Opening Reception: Wednesday, June 22nd 6-8PM
Sikkema Jenkins & Co. is pleased to present an
exhibition of paintings by Merlin James on view from
June 22 through August 12, 2011.
James’ latest exhibition demonstrates the breadth of
his practice, but also its complex coherence,
interspersing recent works with ones from across his
career (ranging back to the 1980s).
Recent paintings on semi-transparent supports, with
quasi-traditional picture frames created by the artist
and integral to the works, extend James’ long-standing
exploration into the nature of painting. His various
erotic, topographic, architectural and abstract ‘motifs’,
and his sources in earlier art and photography, all
remain in evidence, functioning both as elements of
aesthetic experiment, and as a celebration of, and
poetic – sometimes elegiac – testimony to, human
experience of the world.
Writing in the forthcoming Vitamin P2 (Phiadon,
London 2011), Morgan Falconer observes, of these
often small works, that:
…in scaling back, James has bravely – and ambitiously –
forced painting to re-confront the limits that it has fought
so hard to escape. He makes painting private, anecdotal,
bourgeois-domestic once again, and yet compelling
nonetheless.
Yet some works in the present show are also larger
scale, and offer illusions of vast distances and open
space. Small vernacular buildings of uncertain vintage
– mills, homesteads, small factories and city blocks –
are scattered through James’ environments,
sometimes suggesting dream- or memoryscapes, or
vistas seen from a passing car or train.
James has written extensively on art, and he works, as
Morgan Falconer notes:
with an acute sense of the medium’s history. Over the
past two decades or more, he has had a career as a
writer and curator in addition to his life in the studio, and
that effort of sifting and judging has fostered
retrospection. Of course, his tradition is a very personal
construction, and his greats – Jean Hélion, William
Nicholson, Giorgio Morandi, and L. S. Lowry – are not the
obvious ones. But James holds dear those painters who
have often been cast into shadow by their grander rivals.
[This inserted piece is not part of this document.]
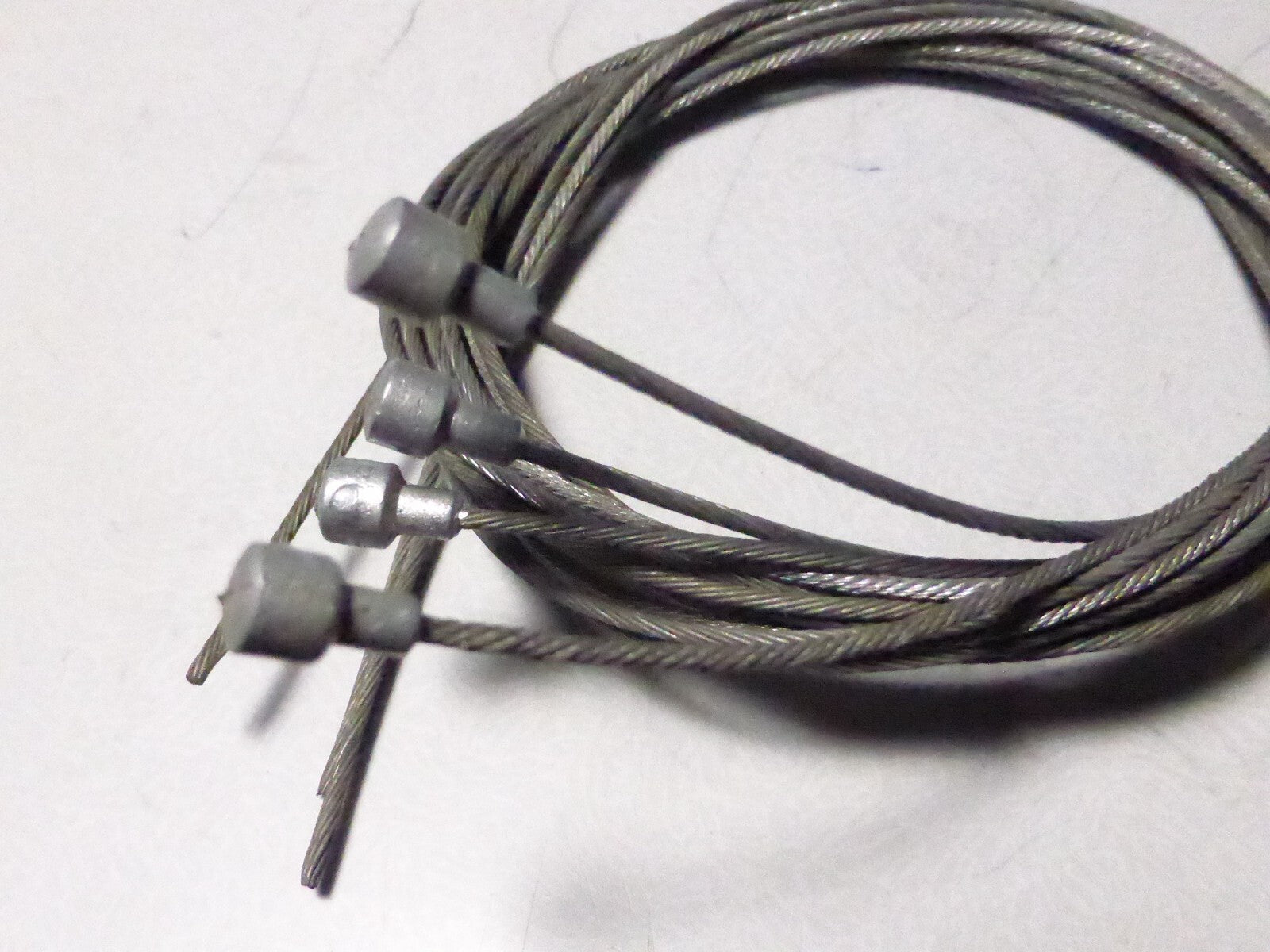 Câble de frein 1.2m et 0.7 m Ø 1.45 mm tête type poire Ø 6xL5mm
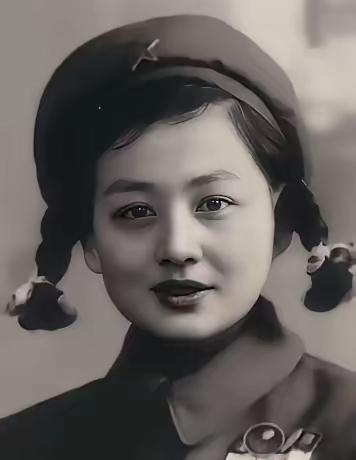 1953年，一位年轻的女志愿军战士在回国途中途经沈阳，趁着换乘的间隙，她走进了一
Such factors have led James to be called 'the most
brilliant and playful contrarian of his generation' (John
Yau, Brooklyn Rail, July-August 2010). Yet the present
show demonstrates that the artist's motivation is not
fundamentally negative or perverse. He pursues a
unique poetic vision and restless interrogation of art
and experience.
Merlin James was born in Cardiff, Wales and currently
lives and works in Glasgow, Scotland.